Uses Time Signals to Significantly Reduce Both Area and Power Consumption of Conventional Digital Signal Processors
This pulse-based arithmetic unit uses a more efficient implementation for the integrate and fire analog-to-pulse converter to decrease area and power consumption of traditional digital signal processors, which are largely employed in mobile computing devices. Mobile computing is an interaction involving a portable human-computer communication device, such as a smartphone, tablet, or notebook computer. The mobile computing and portable devices market reached $830 million in 2014 and is expected to reach nearly $5.2 billion in 2020. Available devices are still using conventional digital signal processors and digital arithmetic units which limit size and energy efficiency. Researchers at the University of Florida have engineered a pulse-based arithmetic unit that utilizes timing of pulse trains to decrease both the area and power consumption of conventional digital signal processors, thus greatly optimizing the future of mobile computing.
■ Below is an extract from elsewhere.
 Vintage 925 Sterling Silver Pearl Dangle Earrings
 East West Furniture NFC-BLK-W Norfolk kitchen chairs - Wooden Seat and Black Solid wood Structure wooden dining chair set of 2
Arithmetic pulse trains for optimized power consumption in mobile computing and portable devices
- Low power pulse-based unit leads to decreased complexity and data rates, improving overall cost-efficiency
- Device decreases both the area and the power consumption of traditional digital signal processors, optimizing processor volume and energy use
This device uses pairs of adjacent pulses, which correspond to areas under the curves of respective analog signals, in pulse trains produced by two independent integrate and fire converters (IFC). These pulse trains are then utilized to estimate the corresponding addition or multiplication sequences of the instantaneous amplitudes of the pair of analog signals passed along to the IFCs. This pulse device is comprised of a time-to-counts converter,, which is configured to convert the integrate and fire sampler pulse timing of the pulse train input into corresponding digital counts, which are then used by digital signaling processors.